"Recently I found my mother's white, metal recipe box, hand-painted by my father with blue bachelor buttons, his favorite flower. That rusty old box had gone missing for years and when I opened it, I felt shivers of nostalgia as I looked at Nancy Knickerbocker's scrawl on the curling brown cards.
"My mother kept our icebox stocked with exotic foods by 1950's standards — jars of capers, a crock of confit, and more often than not, a peculiar bowl of wobbly amber-colored Jello. The Jello was indented with little spoon marks from my mother's constant nibbling. Made with sweet wine, it delivered a gloved punch that soothed her nerves. When she paid bills in the afternoon or tended to other household chores that seemed stressful to her, she felt perfectly deserving of a fortifying bite of that wine-laced Jello. As you will notice throughout this book, I include other recipes of hers, always cooked with some sort of liquor. While making Welsh Rarebit, bourbon balls, or coq au vin, she'd gleefully proclaim 'a little for the pot and a little for me.'
"As I sat at my kitchen table reading the recipes, separated with antiquated dividers that read 'canapés,' 'casseroles,' and 'chafing dish,' I was surprised to find that some were still worth making — Portuguese Bean Soup, Welsh Rarebit, and that Marsala Gelée. I decided to test it on two of my favorite chefs, Alice Waters of Chez Panisse and Scott Warner of Don Giovanni in Napa. I invited them over for a meal that included bottarga, salty, air-dried fish roe that I had just smuggled home from a trip to Tunisia. I planned to shave it over a simple pasta and I needed a light, clean, clear dessert to follow. Wine Jello it was. I made one boozy batch and another with cooked Marsala for those who didn't want the Nancy Knickerbocker kick.

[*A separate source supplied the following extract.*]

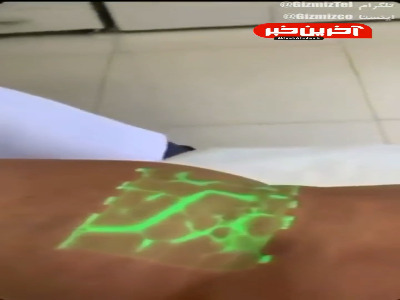 یه وسیله کاربردی برای تزریق و پیدا کردن رگ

"A few days later I got an e-mail from the Chez Panisse kitchen requesting the recipe for a dinner at the restaurant. All her life, my mother read cookbooks and was fascinated with every aspect of cooking. She would have been so proud to know the legacy of her recipe, some 25 years after her death."
Wine Jello Recipe
When we had this dessert growing up in San Francisco, we called it wine Jello; I always felt a little buzz from it. If you want to calm the kick in this dessert, heat the Marsala for a few minutes first; the flavor will remain but the alcohol will be tempered. Be sure to make this at least 5 hours ahead, as it needs to jell.
2 envelopes unflavored powdered gelatin
1/2 cup cold water
1 cup boiling water
3/4 cup sugar plus additional for sweetening cream
1-2/3 cups Marsala or sherry
1/3 cup fresh lemon juice
1 cup heavy whipping cream beaten to soft peaks with a little sugar, optional
In a large heatproof bowl, sprinkle the gelatin over the cold water and let stand until softened, about 5 minutes. Add the boiling water and sugar and stir until completely dissolved. Stir in the Marsala and lemon juice and let cool to room temperature. Refrigerate until firm, at least 4 hours or preferably overnight. Spoon into dessert bowls, top each serving with a dollop of sweetened whipped cream, and serve.
Welsh Rarebit of Artisanal Cheddar and Guinness Stout
1 pound aged (2 to 4 years) cheddar (such as Cheshire cheese with a good crumb) grated
1/2 cup Guinness stout
1 teaspoon English dry mustard mixed with a little water
Dash of cayenne pepper
1 egg yolk, beaten (optional)
4 slices crusty country loaf, toasted and buttered OR 1 head of steamed cauliflower, left whole
Place a double boiler over high heat until the water in the bottom half is boiling. Add the cheese to the top part of the double boiler, a little at a time, stirring constantly. Add 1 or 2 tablespoons of the stout. Once the cheese begins to melt reduce the heat to medium-low. As it begins to thicken, add the rest of the stout and stir with a wooden spoon.
Continue to stir while you add the mustard and the cayenne. Add the egg and whisk the mixture well. Continue to stir until the mixture becomes smooth and slightly thickened.
To serve, you can either pour the Welsh rarebit over the toast arranged on a platter, or spread it over the toast and broil it for a few seconds. A third option is to pour the creamy sauce over the steamed cauliflower.
From Peggy Knickerbocker's James Beard Award-winning book, Simple Soirees: Seasonal Menus for Sensational Dinner Parties.